Now, there were conflicting reports about whether McVeigh was (sort of) repentant or not. McVeigh, a lapsed Catholic, did receive the Last Rites, but it was not clear if it included sacramental Confession. His final written statement consisted solely of a poem, “Invictus” (meaning Unconquered), by William Earnest Henley, which reads in part: “I thank whatever gods may be/For my unconquerable soul…./Beyond this place of wrath and tears/Looms but the Horror of the shade…./It matters not how strait the gate,/How charged with punishments the scroll,/I am the master of my fate:/I am the captain of my soul.”
McVeigh made no final verbal statement, and the San Francisco Chronicle (June 12, 2001) carried the front-page headline: “Death of a Terrorist: McVeigh Offers No Last Words, Only a Steely Stare, for His Victims.” The New York Times (June 12, 2001) reported that he “died unrepentant, without offering a word of regret.” After the execution, McVeigh’s attorney said he “could not successfully help Tim to express words of reconciliation that he did not perceive to be dishonest.”
Of course, only God knows for sure whether McVeigh repented or not, and, if so, whether he was truly repentant. We must hope that he was, even though it didn’t look promising.
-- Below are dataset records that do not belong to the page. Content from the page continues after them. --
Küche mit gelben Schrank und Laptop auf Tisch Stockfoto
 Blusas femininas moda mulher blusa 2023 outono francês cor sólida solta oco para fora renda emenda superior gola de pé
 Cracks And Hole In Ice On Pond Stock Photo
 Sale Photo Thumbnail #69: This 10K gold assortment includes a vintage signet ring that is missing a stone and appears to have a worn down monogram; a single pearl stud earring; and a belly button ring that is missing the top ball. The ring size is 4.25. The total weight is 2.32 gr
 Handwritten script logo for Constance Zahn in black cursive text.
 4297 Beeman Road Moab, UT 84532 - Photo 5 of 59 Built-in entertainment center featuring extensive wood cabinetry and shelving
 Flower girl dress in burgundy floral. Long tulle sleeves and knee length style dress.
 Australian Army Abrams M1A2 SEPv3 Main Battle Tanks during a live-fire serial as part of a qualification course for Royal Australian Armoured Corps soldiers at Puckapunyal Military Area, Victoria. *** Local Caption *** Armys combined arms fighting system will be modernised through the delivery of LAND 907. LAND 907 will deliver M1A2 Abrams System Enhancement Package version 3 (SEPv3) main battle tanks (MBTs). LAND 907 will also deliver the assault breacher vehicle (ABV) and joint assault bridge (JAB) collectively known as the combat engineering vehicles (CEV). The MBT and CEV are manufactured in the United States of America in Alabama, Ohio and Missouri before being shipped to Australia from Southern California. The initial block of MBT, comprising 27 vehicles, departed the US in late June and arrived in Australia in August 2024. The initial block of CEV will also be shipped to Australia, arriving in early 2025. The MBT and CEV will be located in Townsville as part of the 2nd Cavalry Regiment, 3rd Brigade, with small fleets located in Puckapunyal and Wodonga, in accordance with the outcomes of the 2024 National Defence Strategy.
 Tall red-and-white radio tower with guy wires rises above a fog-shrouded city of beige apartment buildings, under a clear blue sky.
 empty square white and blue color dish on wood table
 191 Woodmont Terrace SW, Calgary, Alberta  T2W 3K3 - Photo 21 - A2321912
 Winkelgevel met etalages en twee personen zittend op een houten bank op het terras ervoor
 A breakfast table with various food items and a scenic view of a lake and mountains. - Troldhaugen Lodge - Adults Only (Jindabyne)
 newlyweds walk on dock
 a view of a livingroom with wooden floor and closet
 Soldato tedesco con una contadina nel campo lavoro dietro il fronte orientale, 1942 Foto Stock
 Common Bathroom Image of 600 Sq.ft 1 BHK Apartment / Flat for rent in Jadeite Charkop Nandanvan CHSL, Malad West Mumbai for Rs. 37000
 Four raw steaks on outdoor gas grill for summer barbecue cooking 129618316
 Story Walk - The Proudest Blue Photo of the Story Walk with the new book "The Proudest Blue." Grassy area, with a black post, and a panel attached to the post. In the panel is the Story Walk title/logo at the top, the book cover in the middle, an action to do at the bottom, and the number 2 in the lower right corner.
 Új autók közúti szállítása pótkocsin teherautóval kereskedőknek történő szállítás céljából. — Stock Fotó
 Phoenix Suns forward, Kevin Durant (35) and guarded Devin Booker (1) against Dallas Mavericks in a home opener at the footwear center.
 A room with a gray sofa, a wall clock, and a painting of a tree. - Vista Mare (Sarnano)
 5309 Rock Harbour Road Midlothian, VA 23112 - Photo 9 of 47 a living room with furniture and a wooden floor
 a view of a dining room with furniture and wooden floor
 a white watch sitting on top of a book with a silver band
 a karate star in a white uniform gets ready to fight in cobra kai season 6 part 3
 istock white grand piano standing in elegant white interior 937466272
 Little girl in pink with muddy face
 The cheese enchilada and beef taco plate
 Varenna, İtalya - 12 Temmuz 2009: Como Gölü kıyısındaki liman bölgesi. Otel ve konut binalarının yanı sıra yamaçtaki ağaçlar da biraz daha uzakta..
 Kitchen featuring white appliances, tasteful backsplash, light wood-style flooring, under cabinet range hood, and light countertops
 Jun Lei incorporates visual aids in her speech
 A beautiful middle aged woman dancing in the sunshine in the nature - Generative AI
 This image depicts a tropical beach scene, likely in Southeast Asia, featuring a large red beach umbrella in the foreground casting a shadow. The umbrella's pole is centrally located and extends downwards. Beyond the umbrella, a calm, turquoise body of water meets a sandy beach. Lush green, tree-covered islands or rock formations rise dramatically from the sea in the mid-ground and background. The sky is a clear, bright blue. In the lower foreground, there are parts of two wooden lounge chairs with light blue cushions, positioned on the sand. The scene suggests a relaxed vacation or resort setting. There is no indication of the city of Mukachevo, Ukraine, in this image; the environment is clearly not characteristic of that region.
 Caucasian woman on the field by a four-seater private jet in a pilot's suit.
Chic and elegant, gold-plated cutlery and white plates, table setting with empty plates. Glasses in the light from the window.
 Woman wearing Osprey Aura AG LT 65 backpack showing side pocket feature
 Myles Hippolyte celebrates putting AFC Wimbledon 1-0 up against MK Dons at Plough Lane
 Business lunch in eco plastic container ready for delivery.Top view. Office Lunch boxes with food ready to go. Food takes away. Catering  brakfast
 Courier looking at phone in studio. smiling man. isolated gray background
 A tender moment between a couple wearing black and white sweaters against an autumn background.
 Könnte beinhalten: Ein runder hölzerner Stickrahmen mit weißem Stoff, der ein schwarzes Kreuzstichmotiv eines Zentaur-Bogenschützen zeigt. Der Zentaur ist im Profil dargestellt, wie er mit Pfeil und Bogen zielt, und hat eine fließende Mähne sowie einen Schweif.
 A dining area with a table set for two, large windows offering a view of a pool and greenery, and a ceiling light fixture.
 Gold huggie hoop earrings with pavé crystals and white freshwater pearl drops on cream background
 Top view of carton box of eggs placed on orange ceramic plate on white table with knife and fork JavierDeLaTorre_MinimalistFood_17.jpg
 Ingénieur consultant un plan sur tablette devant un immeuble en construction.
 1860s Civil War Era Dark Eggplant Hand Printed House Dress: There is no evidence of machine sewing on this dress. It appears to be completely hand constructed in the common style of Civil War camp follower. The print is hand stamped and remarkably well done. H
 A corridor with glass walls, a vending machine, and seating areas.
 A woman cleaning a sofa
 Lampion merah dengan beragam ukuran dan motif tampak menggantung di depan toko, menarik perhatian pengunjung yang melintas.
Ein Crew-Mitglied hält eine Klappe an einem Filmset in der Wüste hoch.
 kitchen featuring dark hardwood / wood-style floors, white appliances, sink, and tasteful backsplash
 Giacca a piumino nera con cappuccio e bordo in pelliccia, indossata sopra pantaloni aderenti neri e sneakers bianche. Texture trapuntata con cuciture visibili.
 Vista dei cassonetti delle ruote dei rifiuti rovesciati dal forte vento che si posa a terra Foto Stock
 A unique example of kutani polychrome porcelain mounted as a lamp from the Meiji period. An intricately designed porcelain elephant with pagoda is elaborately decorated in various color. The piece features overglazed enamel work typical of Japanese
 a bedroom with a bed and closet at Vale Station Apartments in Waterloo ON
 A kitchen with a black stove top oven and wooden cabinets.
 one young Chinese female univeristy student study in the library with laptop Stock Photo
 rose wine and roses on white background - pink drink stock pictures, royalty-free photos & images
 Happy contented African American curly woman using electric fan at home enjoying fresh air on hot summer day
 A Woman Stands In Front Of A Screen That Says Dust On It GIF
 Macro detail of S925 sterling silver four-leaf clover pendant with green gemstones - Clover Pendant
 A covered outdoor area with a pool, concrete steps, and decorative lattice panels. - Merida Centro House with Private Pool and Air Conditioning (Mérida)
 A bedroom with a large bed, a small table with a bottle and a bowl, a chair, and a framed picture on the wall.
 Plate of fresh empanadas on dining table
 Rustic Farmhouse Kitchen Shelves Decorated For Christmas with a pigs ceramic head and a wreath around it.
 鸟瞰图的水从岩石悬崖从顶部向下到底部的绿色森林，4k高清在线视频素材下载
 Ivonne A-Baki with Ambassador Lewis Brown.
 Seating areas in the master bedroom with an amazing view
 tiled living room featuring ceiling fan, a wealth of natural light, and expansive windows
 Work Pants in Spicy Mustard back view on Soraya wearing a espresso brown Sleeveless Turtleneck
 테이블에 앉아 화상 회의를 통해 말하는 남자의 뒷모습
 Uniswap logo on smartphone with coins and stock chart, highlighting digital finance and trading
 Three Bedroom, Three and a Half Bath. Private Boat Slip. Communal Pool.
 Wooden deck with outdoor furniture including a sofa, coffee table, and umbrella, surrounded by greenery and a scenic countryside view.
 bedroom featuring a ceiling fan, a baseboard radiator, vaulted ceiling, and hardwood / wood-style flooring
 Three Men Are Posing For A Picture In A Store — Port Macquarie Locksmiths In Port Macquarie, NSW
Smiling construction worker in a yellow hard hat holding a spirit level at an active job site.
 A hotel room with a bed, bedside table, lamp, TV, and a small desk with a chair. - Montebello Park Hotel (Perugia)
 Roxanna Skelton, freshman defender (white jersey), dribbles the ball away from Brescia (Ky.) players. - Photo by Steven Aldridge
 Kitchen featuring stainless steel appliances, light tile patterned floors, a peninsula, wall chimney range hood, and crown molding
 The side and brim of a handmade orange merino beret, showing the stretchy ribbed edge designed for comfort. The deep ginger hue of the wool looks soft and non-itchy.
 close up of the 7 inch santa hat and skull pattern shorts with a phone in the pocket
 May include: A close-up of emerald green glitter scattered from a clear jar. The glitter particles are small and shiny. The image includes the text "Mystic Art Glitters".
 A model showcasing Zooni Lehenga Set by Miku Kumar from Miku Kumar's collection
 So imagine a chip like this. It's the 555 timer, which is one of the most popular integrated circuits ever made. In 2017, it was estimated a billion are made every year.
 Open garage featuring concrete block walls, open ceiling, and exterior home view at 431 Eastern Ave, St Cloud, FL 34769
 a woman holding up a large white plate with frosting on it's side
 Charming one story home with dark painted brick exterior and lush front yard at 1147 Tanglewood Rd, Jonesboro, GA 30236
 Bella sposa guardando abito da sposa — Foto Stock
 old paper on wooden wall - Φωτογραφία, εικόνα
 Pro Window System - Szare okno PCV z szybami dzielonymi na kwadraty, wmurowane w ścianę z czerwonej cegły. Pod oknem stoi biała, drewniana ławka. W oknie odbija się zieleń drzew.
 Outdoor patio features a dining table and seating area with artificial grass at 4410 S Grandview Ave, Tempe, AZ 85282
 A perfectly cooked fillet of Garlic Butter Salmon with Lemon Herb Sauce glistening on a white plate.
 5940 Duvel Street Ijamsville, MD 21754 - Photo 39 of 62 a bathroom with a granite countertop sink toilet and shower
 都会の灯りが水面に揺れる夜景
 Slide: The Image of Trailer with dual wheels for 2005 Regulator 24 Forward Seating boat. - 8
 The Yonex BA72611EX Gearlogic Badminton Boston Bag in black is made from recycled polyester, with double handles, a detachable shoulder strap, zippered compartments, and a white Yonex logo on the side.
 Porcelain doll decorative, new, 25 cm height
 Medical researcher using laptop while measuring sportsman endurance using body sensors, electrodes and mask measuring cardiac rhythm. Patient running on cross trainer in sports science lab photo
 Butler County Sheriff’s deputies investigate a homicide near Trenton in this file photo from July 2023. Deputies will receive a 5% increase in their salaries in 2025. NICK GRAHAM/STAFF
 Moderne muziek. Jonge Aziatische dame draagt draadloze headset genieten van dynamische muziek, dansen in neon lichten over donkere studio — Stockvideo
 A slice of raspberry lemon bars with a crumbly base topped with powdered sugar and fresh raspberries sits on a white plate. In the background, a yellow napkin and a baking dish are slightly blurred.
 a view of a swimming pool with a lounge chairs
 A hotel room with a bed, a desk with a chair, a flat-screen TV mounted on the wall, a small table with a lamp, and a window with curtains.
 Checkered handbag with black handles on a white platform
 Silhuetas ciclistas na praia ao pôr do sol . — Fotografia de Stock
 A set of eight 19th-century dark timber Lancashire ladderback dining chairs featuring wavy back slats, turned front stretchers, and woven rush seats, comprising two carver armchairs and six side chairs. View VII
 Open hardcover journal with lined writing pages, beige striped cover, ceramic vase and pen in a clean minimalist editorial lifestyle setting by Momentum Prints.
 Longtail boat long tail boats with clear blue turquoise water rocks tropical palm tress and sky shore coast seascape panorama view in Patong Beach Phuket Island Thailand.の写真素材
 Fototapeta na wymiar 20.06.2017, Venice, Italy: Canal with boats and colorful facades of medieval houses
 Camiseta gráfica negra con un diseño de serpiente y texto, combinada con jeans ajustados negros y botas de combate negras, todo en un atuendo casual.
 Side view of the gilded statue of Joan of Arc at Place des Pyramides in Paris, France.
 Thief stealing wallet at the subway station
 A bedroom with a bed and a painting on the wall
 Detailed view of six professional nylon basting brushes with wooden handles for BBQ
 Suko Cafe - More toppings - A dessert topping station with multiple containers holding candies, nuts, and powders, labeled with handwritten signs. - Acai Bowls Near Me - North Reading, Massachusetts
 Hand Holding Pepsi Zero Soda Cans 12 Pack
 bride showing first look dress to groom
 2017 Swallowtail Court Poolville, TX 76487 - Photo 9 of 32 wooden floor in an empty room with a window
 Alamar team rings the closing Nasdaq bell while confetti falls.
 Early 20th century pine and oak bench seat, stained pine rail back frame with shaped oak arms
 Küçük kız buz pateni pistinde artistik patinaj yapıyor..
Right after the execution, Fr. Ron, who was in contact with McVeigh, made what to us are contradictory statements (though probably not to Fr. Ron): “Tim made himself right with God…. He’s absolutely in Heaven” and “Tim unfortunately did not ever say that what he did was wrong….” We’re not clear how you can make yourself right with God without admitting that killing the innocent, that mass murder, is wrong.